Translators do not generate any revenue and are generally operated by non-profit corporations or associations and built by subscription or operated by public bodies.7 In order to intercept a translator's signals, individual receivers must erect an antenna. CATV systems, on the other hand, are generally business enterprises conducted for profit.8 Through powerful and sophisticated equipment CATV enhances the viewer's capacity to receive signals by providing a well-located antenna with an efficient connection to the viewer's set.9 CATV provides a sharper, clearer picture in exchange for an installation charge and a monthly subscription fee. In view of these facts, it is quite clear that CATV enjoys a distinct advantage over translator systems. It is therefore obvious that petitioner's requested waiver of the non-duplication rule based on the contention that it would suffer an unfair competitive advantage in favor of the translators is without merit. Frontier has had only minimal success over the years in selling advertising in Laramie despite intensive efforts to do so. Even though Denver, Colorado, is more than 110 miles from Laramie and Laramie is beyond the range of direct home reception for Denver television stations, the American Research Bureau's map shows all of Albany County (Laramie being the population center thereof) as belonging to the distant Denver stations and not to Frontier.
We conclude the Commission had a valid basis for distinguishing between CATV and translators and this distinction is not an arbitrary discrimination.
We therefore affirm the Commission's order requiring non-duplication.
"(a) Community antenna television systems. The term `community antenna television system' (`CATV system') means any facility which, in whole or in part, receives directly or indirectly over the air and amplifies or otherwise modifies the signals transmitting programs broadcast by one or more television stations and distributes such signals by wire or cable to subscribing members of the public who pay for such service, but such term shall not include (1) any such facility which serves fewer than 50 subscribers, or (2) any such facility which serves only the residents of one or more apartment dwellings under common ownership, control, or management, and commercial establishments located on the premises of such an apartment house." 47 C.F.R. § 21.710(a)

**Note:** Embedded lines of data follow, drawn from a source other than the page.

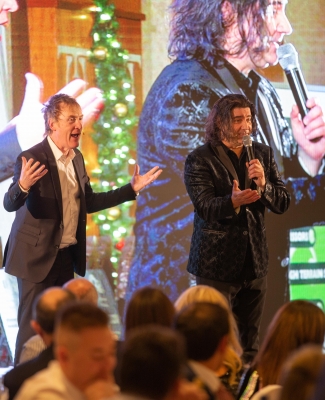 Hector & Brian Kennedy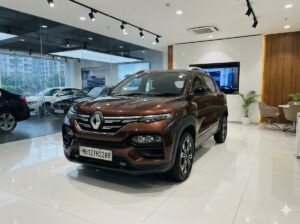 RENAULT KIGER RXZ AUTOMATIC TRANSMISSION 2021
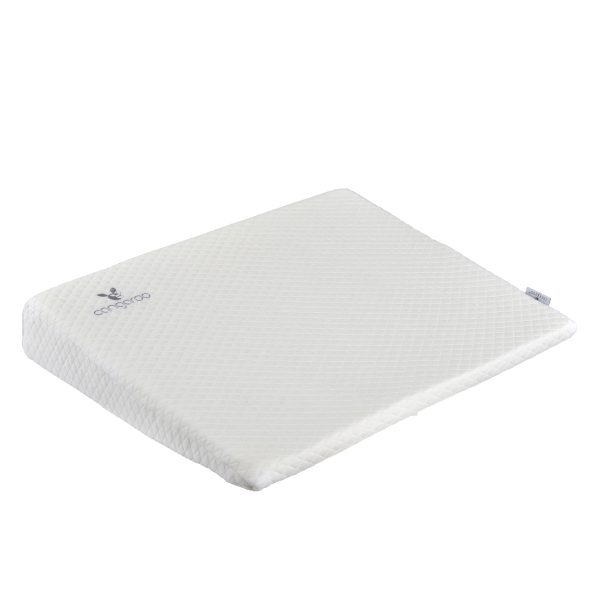 Anti-reflux pillow with memory foam Adore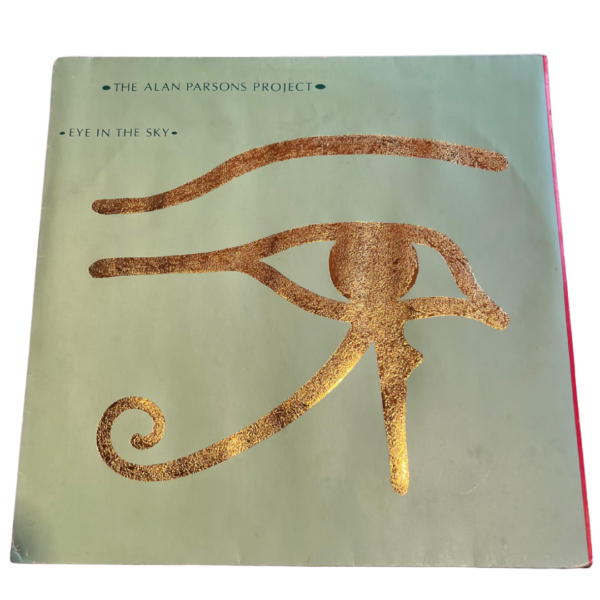 THE ALAN PARSONS PROJECT – Eye in the Sky Plak 8,5 / Kapak 8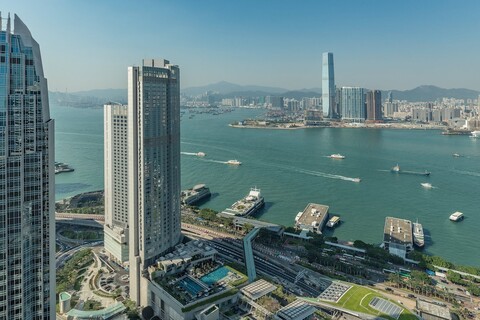 포 시즌스 호텔 홍콩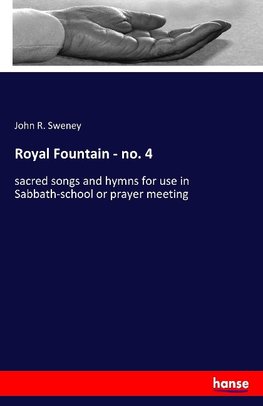 Royal Fountain - no. 4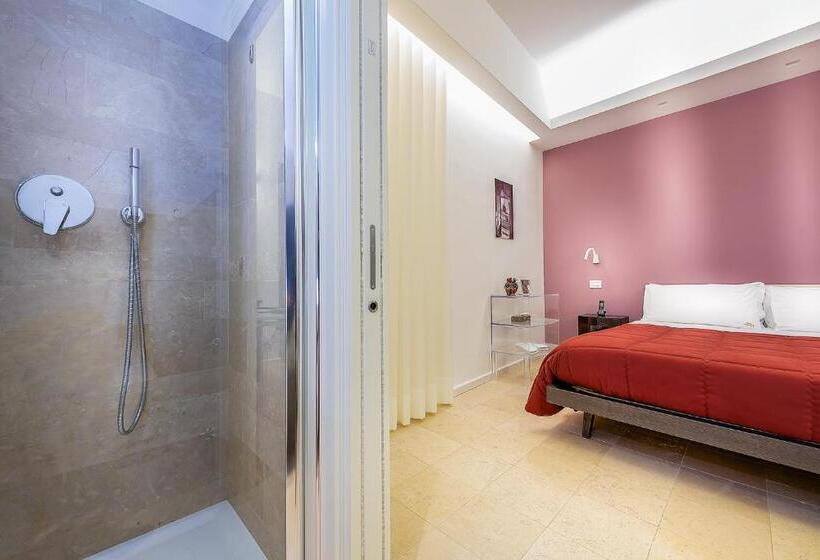 シティビューのスーペリアルーム, Porta Reale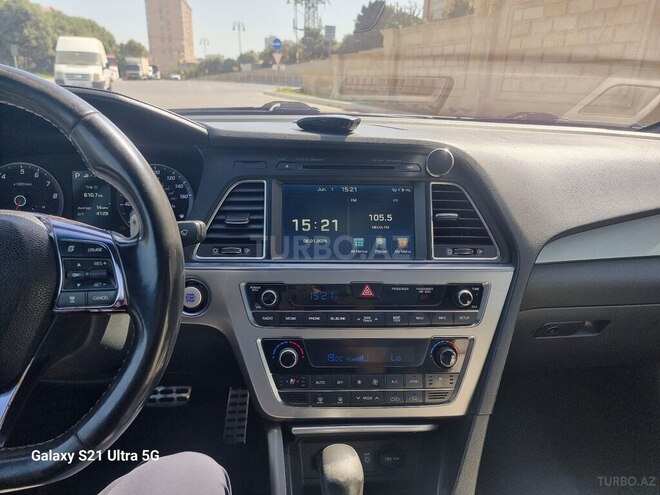 Hyundai Sonata 2015, 152,888 km - 2.0 l - Bakı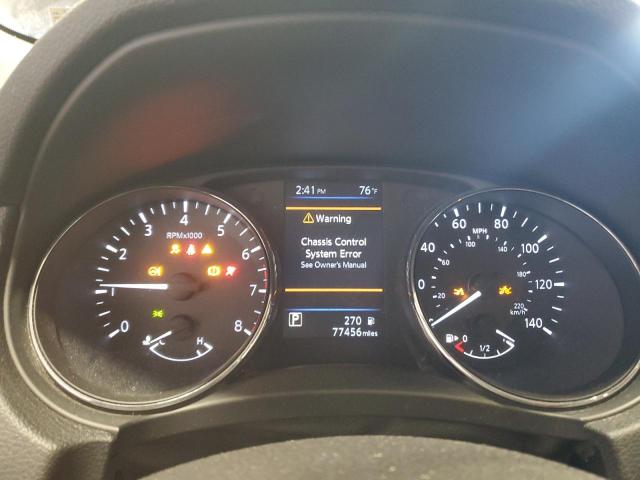 2019 NISSAN ROGUE S 5N1AT2MV9KC714509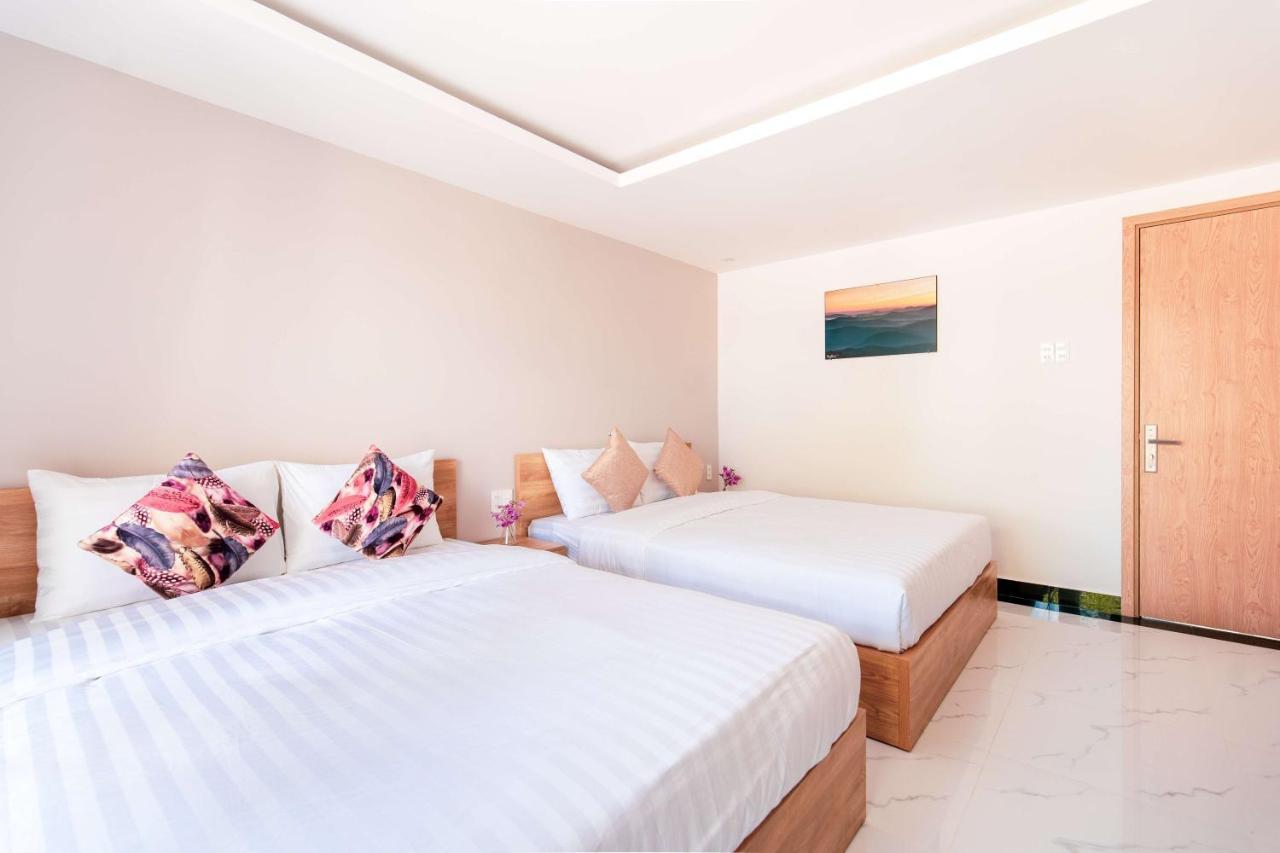 Hoa Mi Condotel Dalat Exteriör bild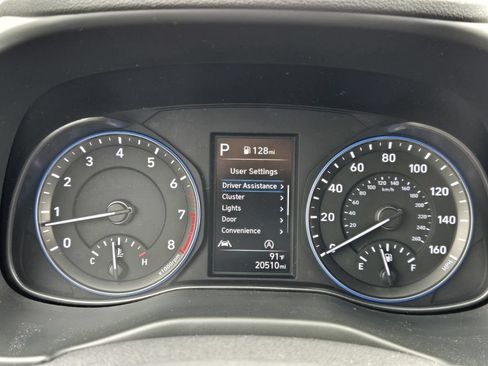 Certified 2023 Hyundai Kona SEL FWD image 24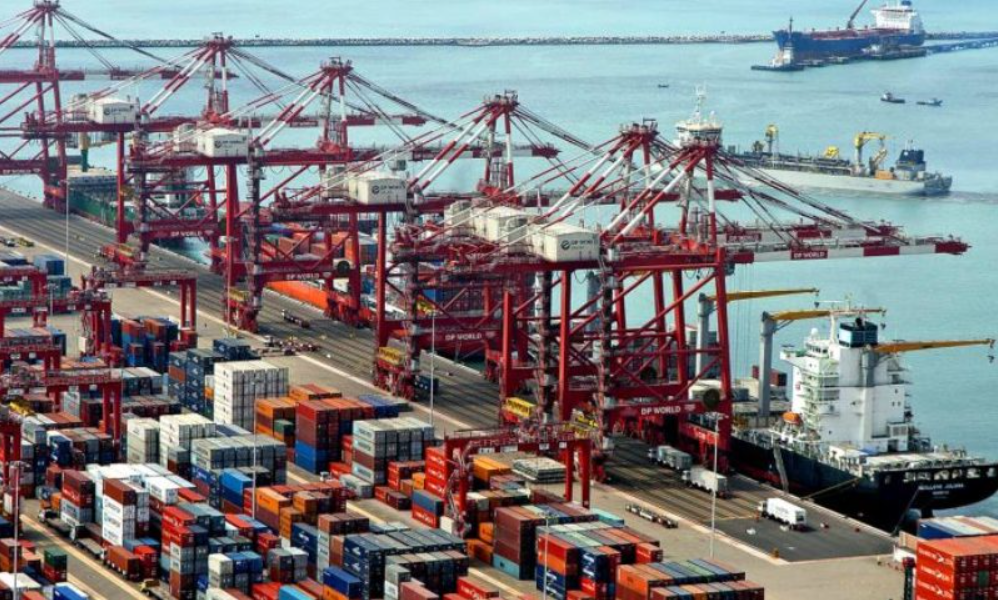 霍尔木兹风波下，沙特第一大港吉达成海湾供应链“新宠”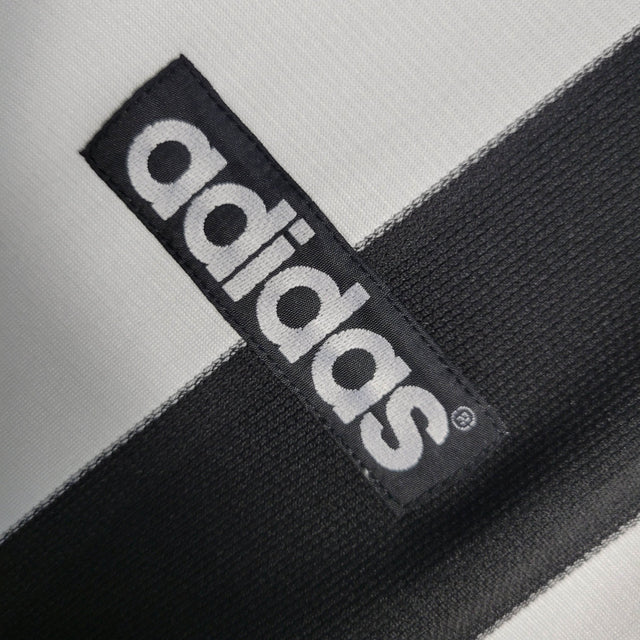 Camisa Newcastle Retrô 97/99  Adidas Masculina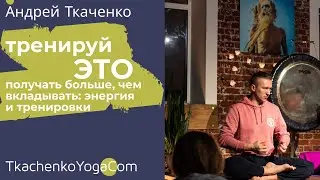 Тренируй это! Практика в контексте митохондрий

"(a) Television broadcast translator station. A station in the broadcasting service operated for the purpose of re-transmitting the signals of a television broadcast station, another television broadcast translator station, or a television translator relay station, by means of direct frequency conversion and amplification of the incoming signals without significantly altering any characteristic of the incoming signal other than its frequency and amplitude, for the purpose of providing television reception to the general public." 47 C.F.R. § 74.701(a)
47 C.F.R. § 74.1103 providesinter alia that a CATV must, upon request, carry the signals of local stations and cannot, on the same day, transmit a program which duplicates a program broadcast by the local station.